Before copying, remove every picture, and then repeat all entries below precisely as written.

Captioned web images:
Start of Block

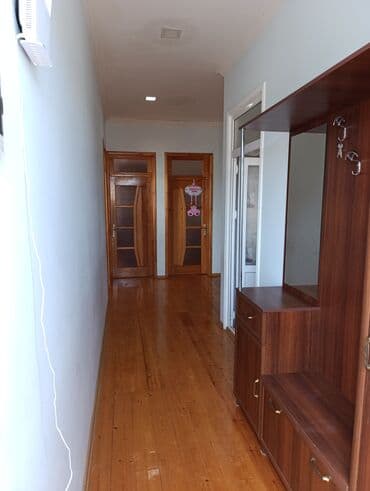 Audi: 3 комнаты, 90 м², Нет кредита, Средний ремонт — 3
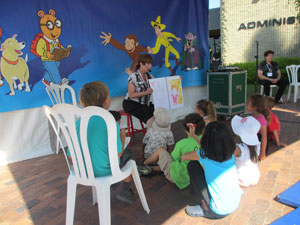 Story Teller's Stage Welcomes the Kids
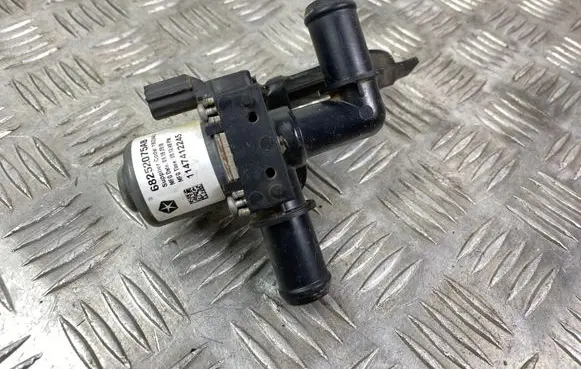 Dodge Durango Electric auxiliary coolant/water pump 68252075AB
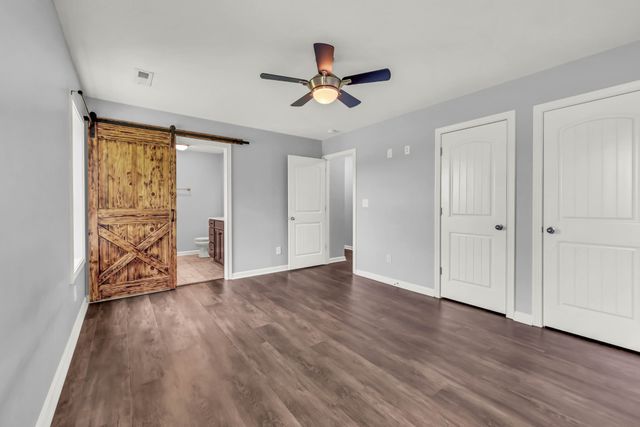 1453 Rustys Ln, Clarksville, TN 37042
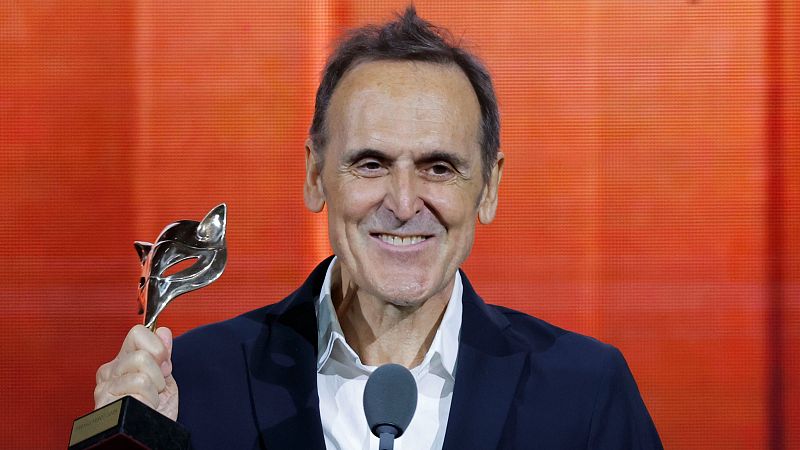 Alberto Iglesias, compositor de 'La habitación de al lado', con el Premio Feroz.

End of Block

Reply to the exercise:
 Audi: 3 комнаты, 90 м², Нет кредита, Средний ремонт — 3
 Story Teller's Stage Welcomes the Kids
 Dodge Durango Electric auxiliary coolant/water pump 68252075AB
 1453 Rustys Ln, Clarksville, TN 37042
 Alberto Iglesias, compositor de 'La habitación de al lado', con el Premio Feroz.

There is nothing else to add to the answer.